Verlinden wskazała także na obiektywne przyczyny narastającego problemu. Zwiększona liczba osadzonych wynika głównie z orzekania dłuższych wyroków oraz wzmożonej aktywności policji i prokuratury. Przekłada się to na większą liczbę osób trafiających do aresztów tymczasowych oraz odbywających prawomocne kary.
Propozycje resortu sprawiedliwości
Gabinet minister przedstawił pakiet działań mających złagodzić kryzys pojemnościowy w zakładach karnych. Wśród propozycji znajdują się inwestycje strukturalne, które miałyby zwiększyć liczbę dostępnych miejsc. Plan obejmuje również usprawnienie procedur opuszczania zakładów karnych przez osoby spełniające kryteria zwolnienia.
Resort proponuje szerokie współdziałanie między instytucjami odpowiedzialnymi za zdrowie publiczne, politykę azylową i migracyjną oraz agencją Régie des Bâtiments, która zarządza infrastrukturą państwową. Takie podejście miałoby zapewnić bardziej spójne i skuteczne wdrożenie zaplanowanych rozwiązań.
Przedłużone przepustki nie wchodzą w grę
Dyrektorzy części placówek oraz związki zawodowe pracowników służby więziennej postulowali powrót do rozwiązania stosowanego przez poprzedni rząd – przedłużonych przepustek dla osób skazanych. Resort jednoznacznie odrzucił ten pomysł.
Wskazano, że wcześniejszy mechanizm nie miał właściwej podstawy prawnej, a przedłużone przepustki nie rozwiązywałyby problemu w sposób systemowy. Ministerstwo ocenia, że prowadziłyby jedynie do czasowego wstrzymania wykonywania orzeczonych kar, nie wpływając realnie na poprawę sytuacji.

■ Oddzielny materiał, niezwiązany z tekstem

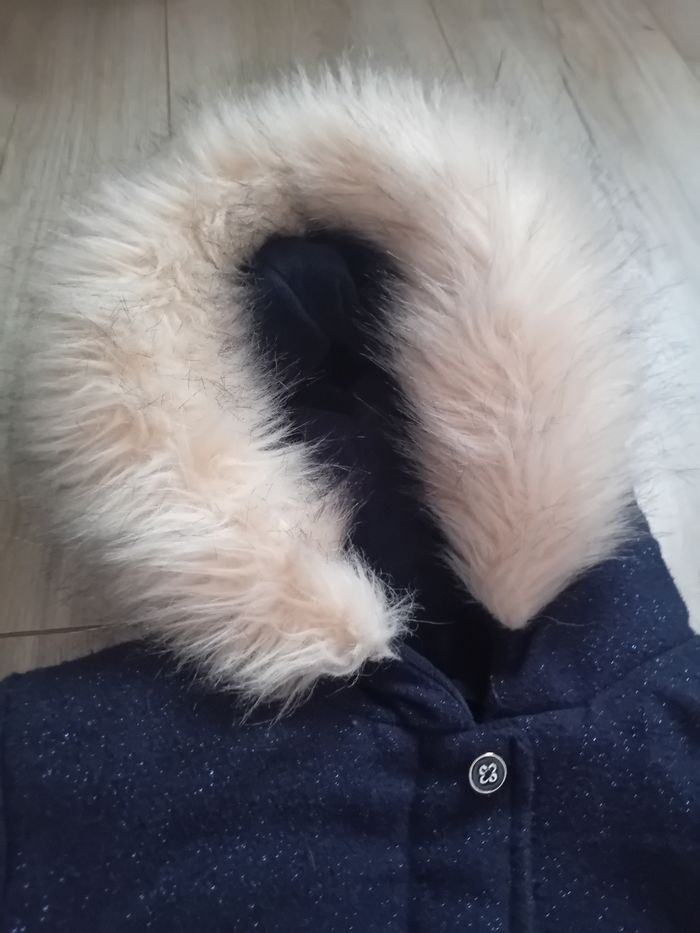 Manteau lulu castagnette en très bon état 12ans - photo numéro 3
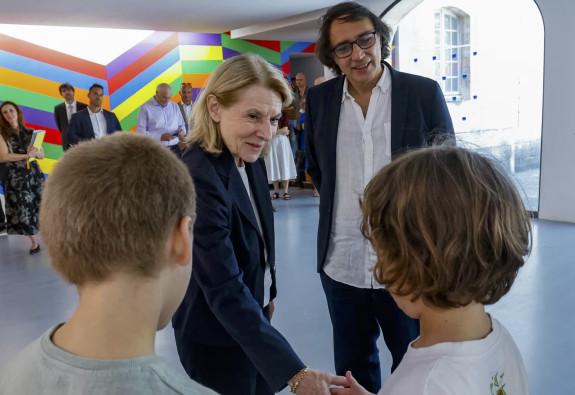 Spectacle vivant : Catherine Pégard affirme "se battre" auprès du ministère de l'Économie pour que tous les crédits prévus soient engagés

Obietnice budżetowe i plan działania
Przedstawiciele ministerstwa przypominają, że porozumienie budżetowe z 24 listopada przewiduje coroczne środki finansowe przeznaczone na walkę z przeludnieniem więzień. Latem rząd przyjął także plan działań w tym zakresie. Mimo formalnych ustaleń przełożenie ich na konkretne i skuteczne rozwiązania pozostaje wyzwaniem, wobec którego koalicja rządowa wciąż nie potrafi wypracować wspólnej strategii.